● **Exercise instructions**:
What you return should match every entry, character for character.

● **Material provided**:
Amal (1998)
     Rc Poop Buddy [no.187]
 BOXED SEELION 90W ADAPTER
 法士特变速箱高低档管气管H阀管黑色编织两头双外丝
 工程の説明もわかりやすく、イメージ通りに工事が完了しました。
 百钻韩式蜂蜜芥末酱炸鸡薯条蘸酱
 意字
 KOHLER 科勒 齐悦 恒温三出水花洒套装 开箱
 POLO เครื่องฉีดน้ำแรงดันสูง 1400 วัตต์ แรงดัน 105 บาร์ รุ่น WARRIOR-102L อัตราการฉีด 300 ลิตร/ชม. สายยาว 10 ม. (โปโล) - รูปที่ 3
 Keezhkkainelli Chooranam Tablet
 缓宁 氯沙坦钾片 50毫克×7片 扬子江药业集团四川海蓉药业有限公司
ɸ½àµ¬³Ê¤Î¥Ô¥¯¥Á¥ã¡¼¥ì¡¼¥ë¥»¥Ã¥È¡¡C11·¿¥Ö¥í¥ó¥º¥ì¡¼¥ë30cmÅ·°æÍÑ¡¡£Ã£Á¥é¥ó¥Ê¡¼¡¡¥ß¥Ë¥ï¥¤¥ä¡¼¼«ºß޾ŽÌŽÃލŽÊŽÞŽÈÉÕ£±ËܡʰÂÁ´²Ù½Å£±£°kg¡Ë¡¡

● **Result of the exercise**:
Amal (1998)
     Rc Poop Buddy [no.187]
 BOXED SEELION 90W ADAPTER
 法士特变速箱高低档管气管H阀管黑色编织两头双外丝
 工程の説明もわかりやすく、イメージ通りに工事が完了しました。
 百钻韩式蜂蜜芥末酱炸鸡薯条蘸酱
 意字
 KOHLER 科勒 齐悦 恒温三出水花洒套装 开箱
 POLO เครื่องฉีดน้ำแรงดันสูง 1400 วัตต์ แรงดัน 105 บาร์ รุ่น WARRIOR-102L อัตราการฉีด 300 ลิตร/ชม. สายยาว 10 ม. (โปโล) - รูปที่ 3
 Keezhkkainelli Chooranam Tablet
 缓宁 氯沙坦钾片 50毫克×7片 扬子江药业集团四川海蓉药业有限公司
ɸ½àµ¬³Ê¤Î¥Ô¥¯¥Á¥ã¡¼¥ì¡¼¥ë¥»¥Ã¥È¡¡C11·¿¥Ö¥í¥ó¥º¥ì¡¼¥ë30cmÅ·°æÍÑ¡¡£Ã£Á¥é¥ó¥Ê¡¼¡¡¥ß¥Ë¥ï¥¤¥ä¡¼¼«ºß޾ŽÌŽÃލŽÊŽÞŽÈÉÕ£±ËܡʰÂÁ´²Ù½Å£±£°kg¡Ë¡¡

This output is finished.